しかし、『Tango In The Night』はビートルズの実質のラストアルバムである『Abbey Road』とは似て非なるものです。『Abbey Road』は、完成を見ずに終わった「ゲット・バック・セッション」の後、メンバー4人が、次の作品が最終作になることを覚悟して団結して制作されたアルバムでした。しかし、『Tango In The Night』に関しては、メンバー全員がやる気がなかった、あるいはあっても消極的なものだったのです。

『Tango In The Night』のレコーディングは1985年11月から始まっています。これは、それぞれのソロキャリアの中で、映画のサントラやセッション活動等でスタッフが交差し、結果的にバンド、フリートウッド・マックのアルバムの制作が始まった、言ってみれば「偶然」なのです。

ギターとボーカルで中心人物でもあったリンジー・バッキンガムは前84年にソロ二作目『Go Insane』を発表、三作目に取り掛かっていました。
ボーカルでバンドの華でもあったスティーヴィー・ニックスは、ソロ三作目『Rock A Little』を引っ提げてワールドツアー中でした。
キーボードとボーカルのクリスティーン・マクヴィーも前年にソロアルバムを出し、サントラへの楽曲提供等でソロ活動が軌道に乗ってきていました。
ドラムのミック・フリートウッドもソロキャリアと、セッションドラマーとしての活動を本格化していました。
ベースのジョン・マクヴィーは業界のいざこざに疲れ、半ば隠遁生活を送っていました。

リンジー・バッキンガムがソロ三作目を作るにあたって、下積み時代からフリートウッド・マックの数々の名盤に至るまで一緒にプロデュースしてきたリチャード・ダシュートにプロデュースを依頼します。そこで、エンジニアやら、サントラ曲でメンバーの何人かが参加していたやらと、スタッフが被り自然とバンドのアルバムへと変わっていったのです。しかしリンジーはソロアルバムを作りたかった。スティーヴィーはツアーの多忙とドラッグ依存という問題を抱えていた。そしてジョン・マクヴィーは本格的に業界に戻る気はなかった。

では何が原動力となったのか。それは、ミック・フリートウッドが抱えていた多額の借金なのです。その返済に追われていた彼は、自分が中心となってリンジーをプッシュしたことを認めています。
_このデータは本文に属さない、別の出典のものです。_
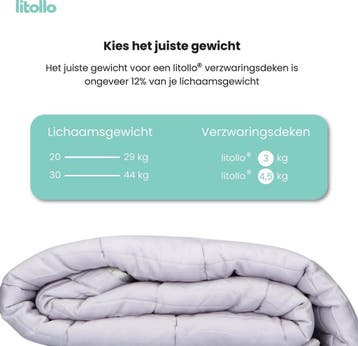2dekans | Litollo Verzwaringsdeken Kind 4,5 kg Met, Ophalen of Verzenden, Zo goed als nieuw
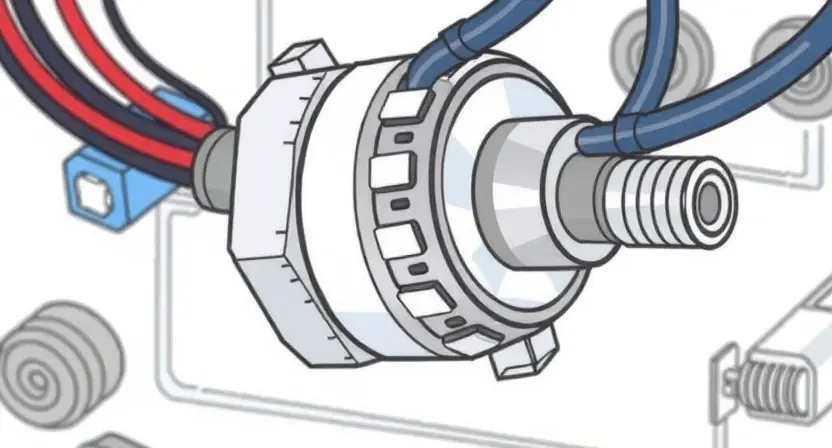 A close-up, detailed illustration of a differential pressure sensor with visible wiring and connections. The sensor should be depicted in a clean, technical style, highlighting its components. Focus on the sensor's physical form and the surrounding circuitry.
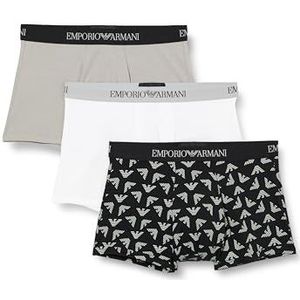 EMPORIO ARMANI Heren Trunks (Pack van 3), Wit/Gedrukt Zwart/Steen, L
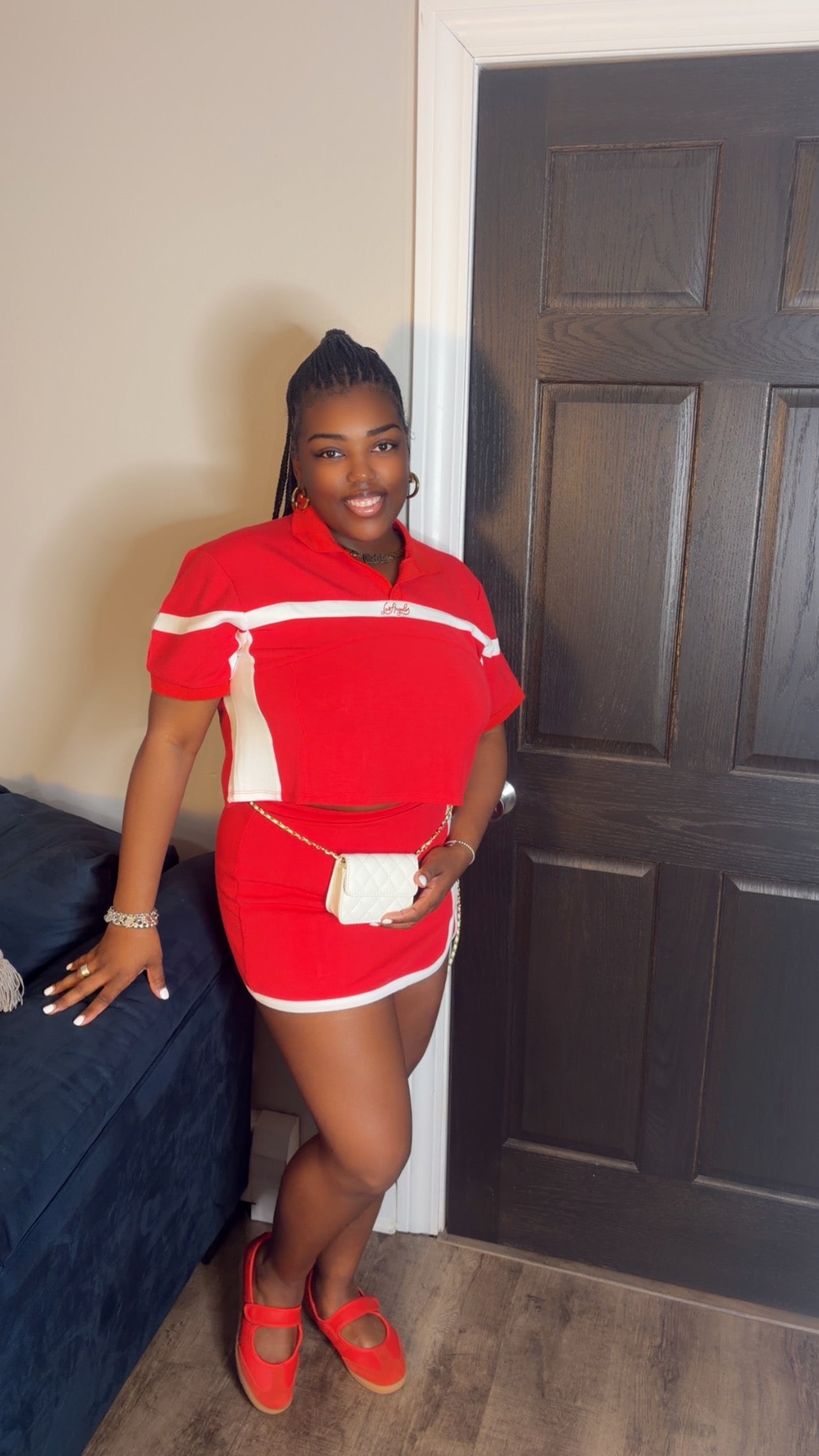 Red & White Skort Set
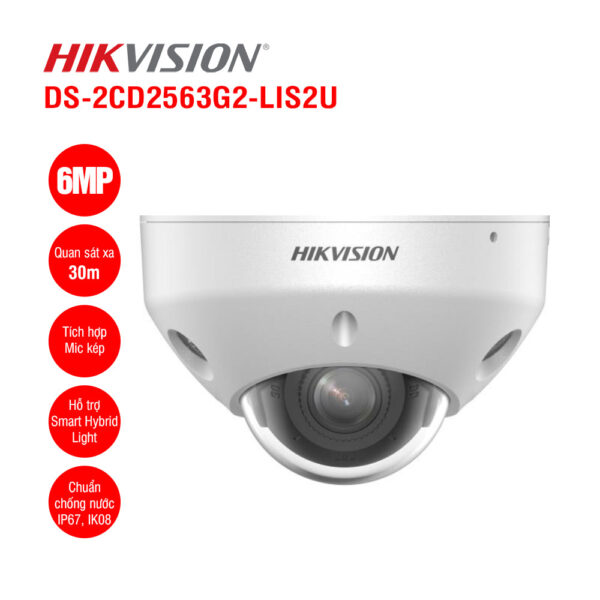 Camera IP Dome 6MP Hikvision DS-2CD2563G2-LIS2U
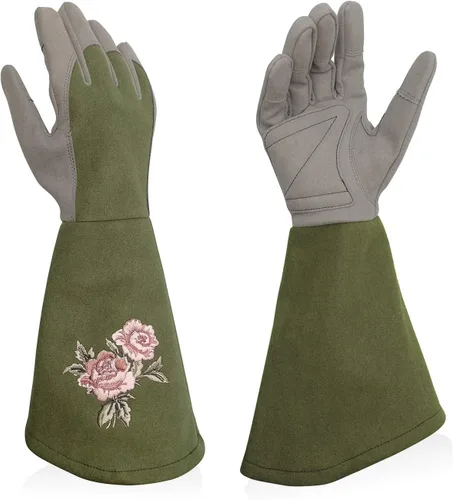 Vista 13 de Rose Pruning Gloves with Forearm Protection, Thorn Resistant Embroidery Design with Extra Long Cuff for Gardening and Pruning Tasks Rosa rojo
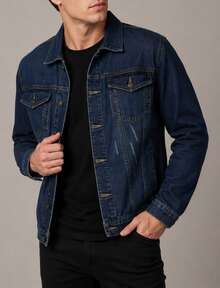 Men's Denim Jacket With Iron Button Closure - azul real - Ver 2
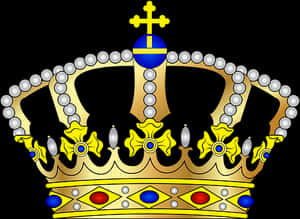 Golden Royal Crown Illustration PNG image with transparent background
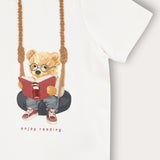 חולצת בייבי עם הדפס - שמנת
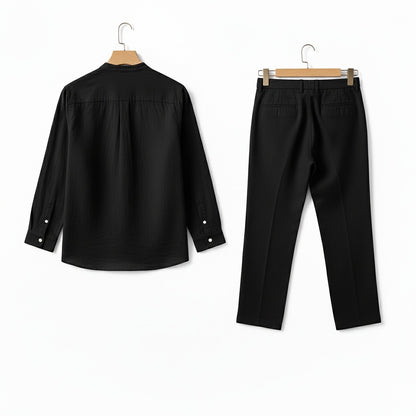 Mens Black Linen Set - Black - Fabric Detail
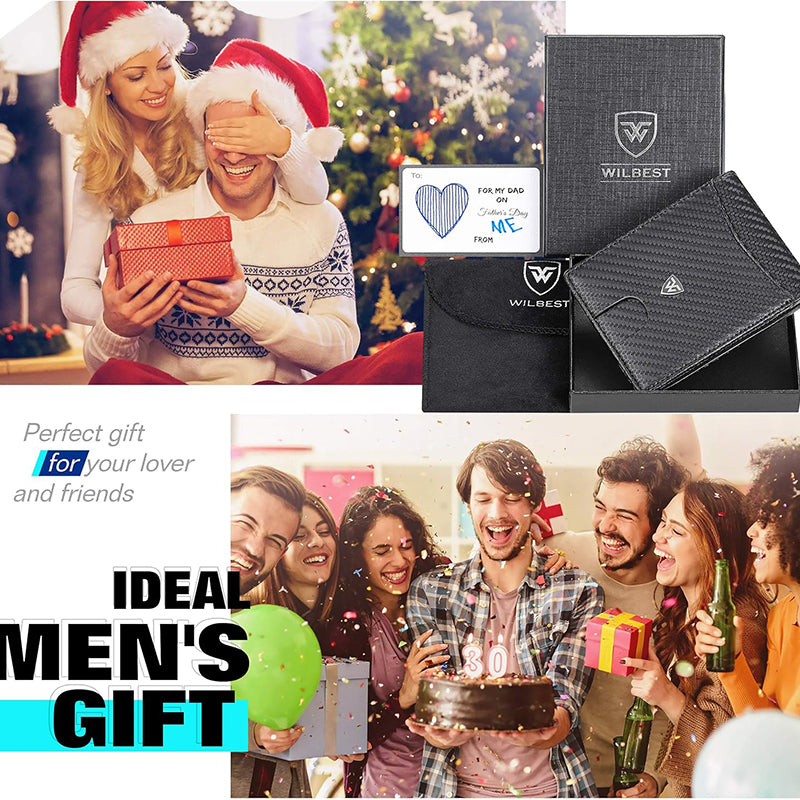 Men's Carbon Fiber Wallet – RFID Protection, Coin Pocket, Credit Card Holder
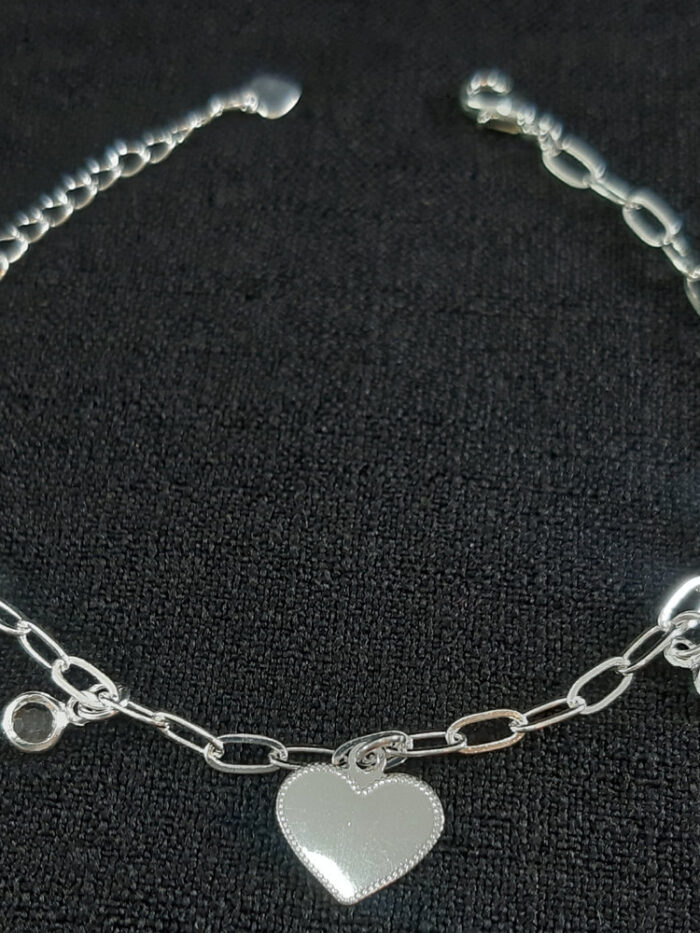 Pulseira elos vazado com coração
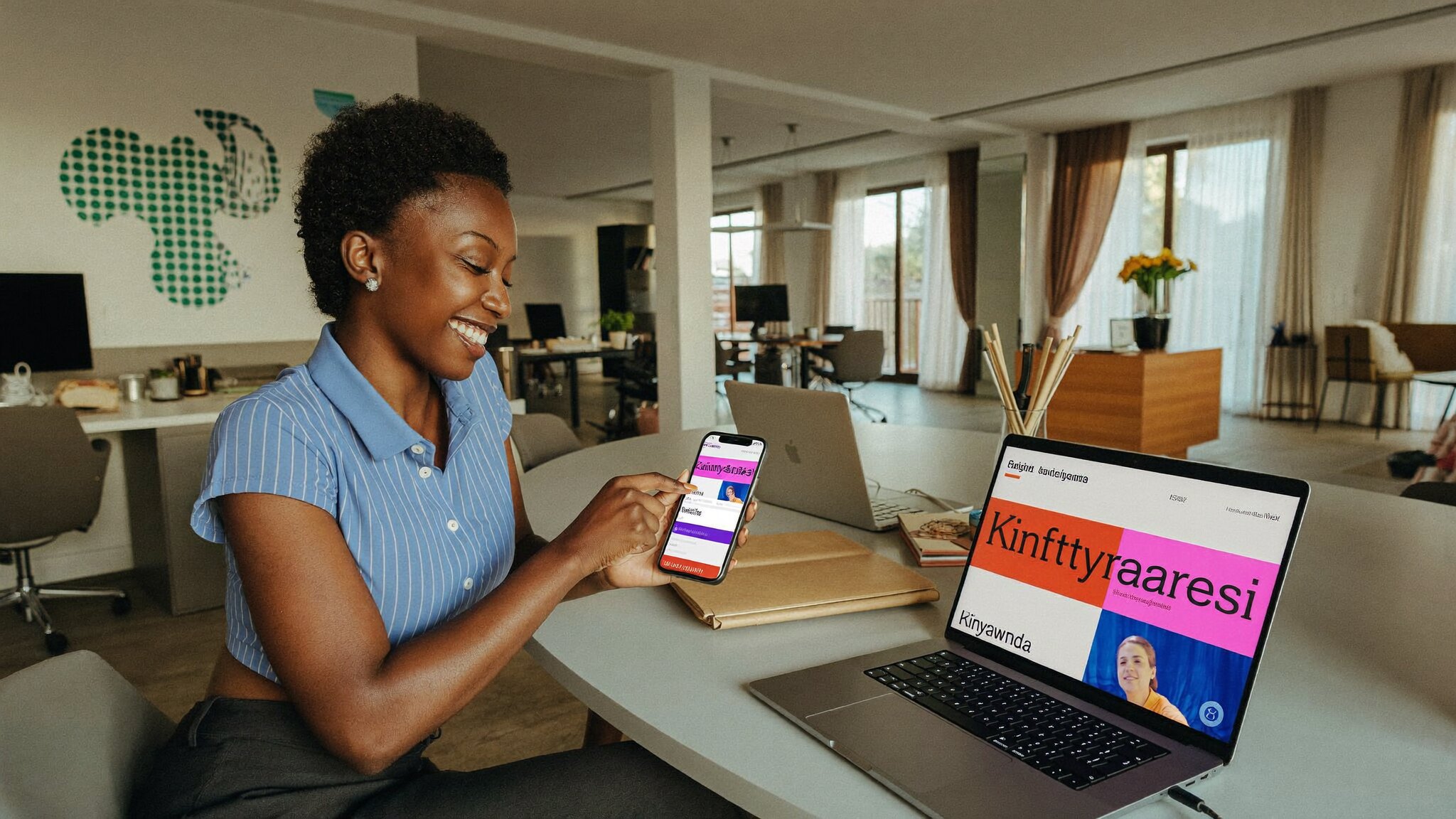 A young Rwandan female entrepreneur smiling while viewing her business website on a laptop and smartphone showing a language switch between English and Kinyarwanda in a bright Kigali office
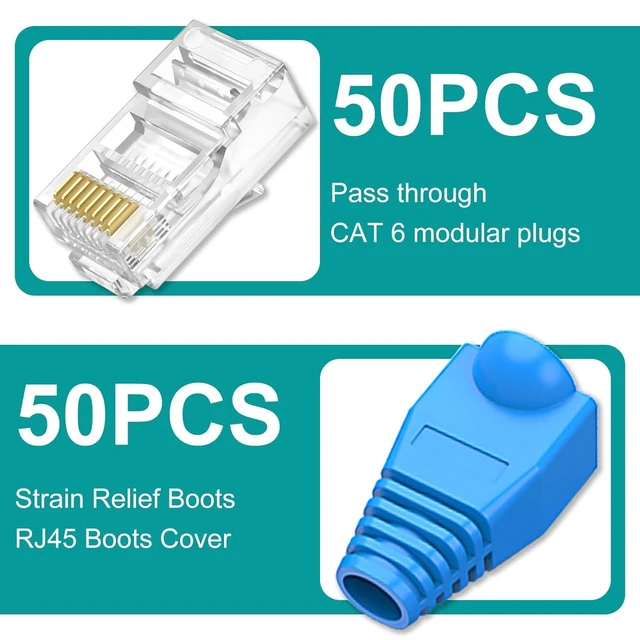 Alt view image 9 of 14 - UTP RJ45 Connectors, Cat6 RJ45 Pass Through Plugs 50-Pack, Cat6 RJ45 Plugs with 50-Pack Strain Relief Boots for Solid or Standard Ethernet Cables, Transparent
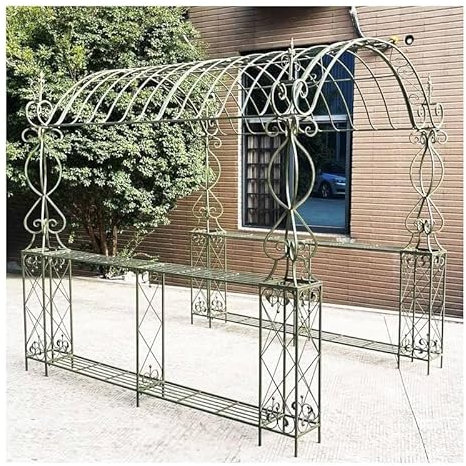 L'Héritier Du Temps Grande Pergola Rectangulaire Inès Gloriette de Jardin en Fer Forgé Vert Antique Tunnel Porte-Plante 199x232x240cm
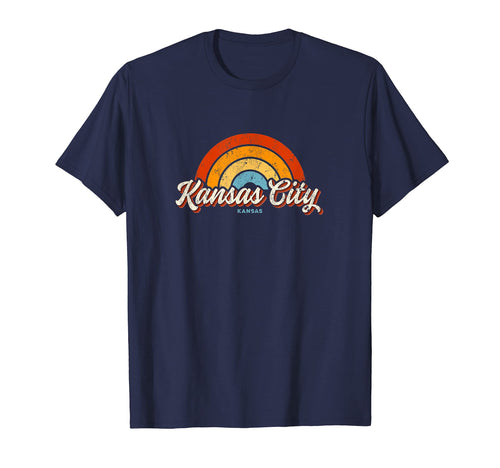 Kansas City Kansas Ks Rainbow 70S T-Shirt - Streetwear Style Unisex - T-Shirt, Sweatshirt, Hoodie
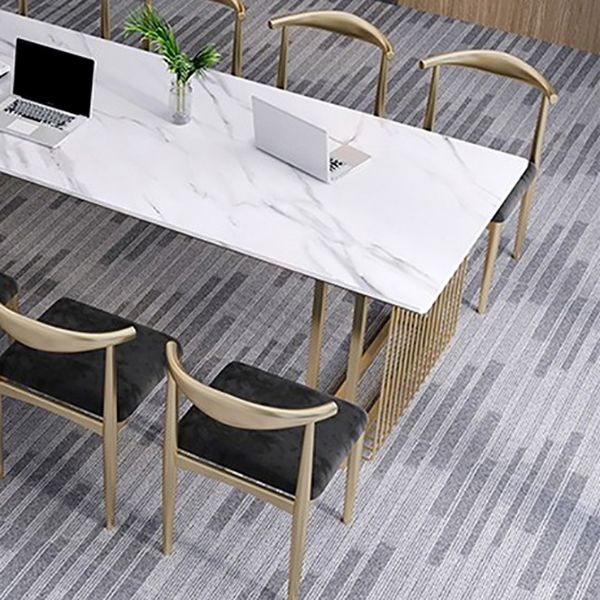 Descripción de escritura de piedra de mesa moderna de oficina moderna de forma rectangular en blanco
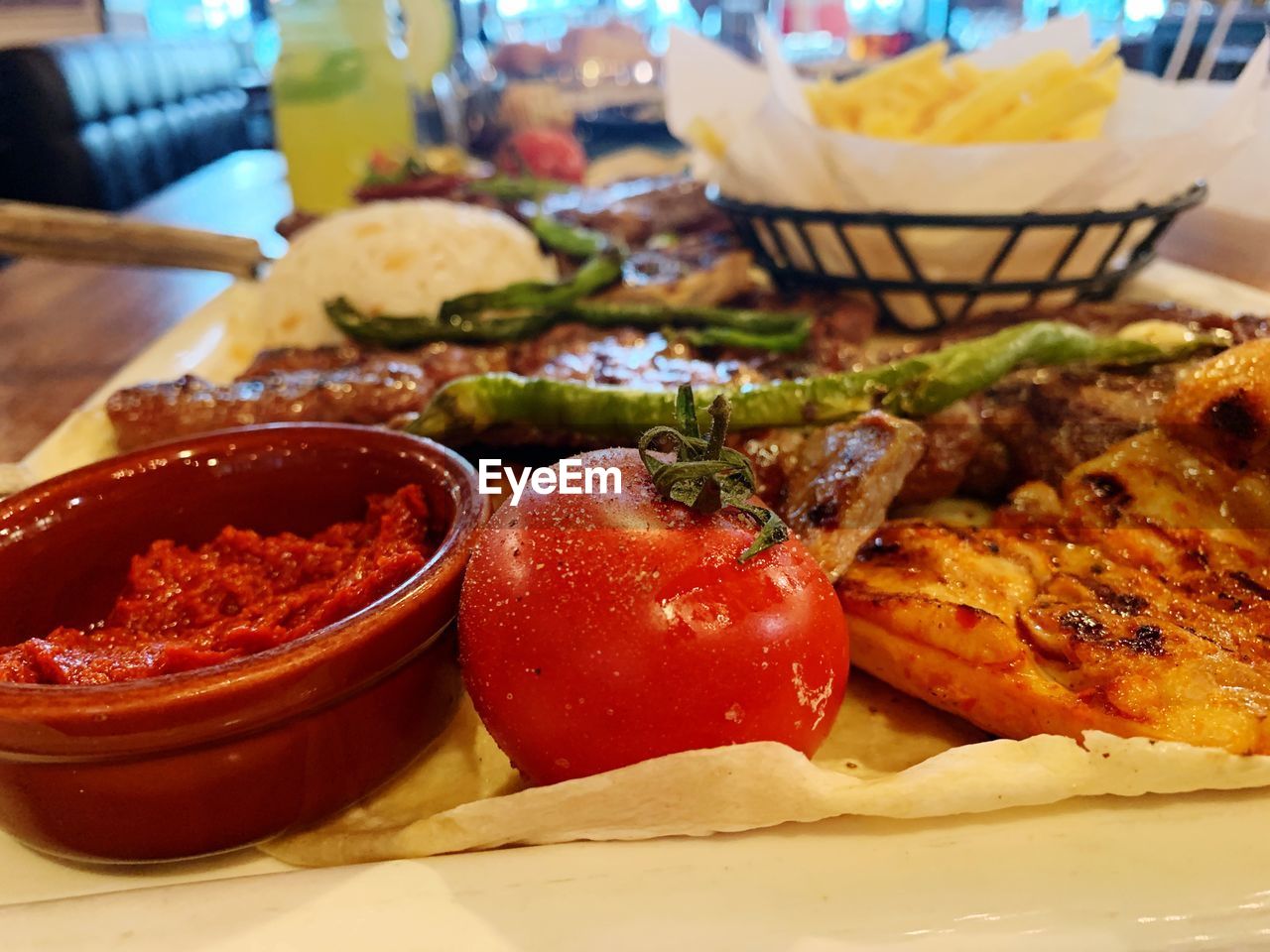 Close-up of food served on table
『Tango In The Night』の制作には、バンド最長の一年半という期間がかかっています。アルバム収録曲のいくつかは、リンジーがソロ作品のために書いた曲でした。中でも"Caroline"は先述の『Go Insane』というアルバムを丸ごと捧げた別れたばかりの恋人、キャロル・アン・ハリスのことで、「キャロル・アン」と「キャロライン」で韻を踏んでいます。他にも、リンジー以外の声が入らない曲は、ソロアルバム用に用意された曲とみていいでしょう。そこには、アルバムタイトル曲"Tango In The Night"、リンジーとリチャード・ダシュートの共作"Family Man"、全米3位を記録した先行シングル"Big Love"なんかがあります。"Big Love"での有名な「Ooh, ah」の男女の掛け合いに聞こえるものは、Fairlight CMIという当時最新鋭のサンプラーを使ってピッチを変えた「一人芝居」です。曲の終わりに少しガヤガヤと聴こえるので、最終的に録音はバンドでしたのでしょう。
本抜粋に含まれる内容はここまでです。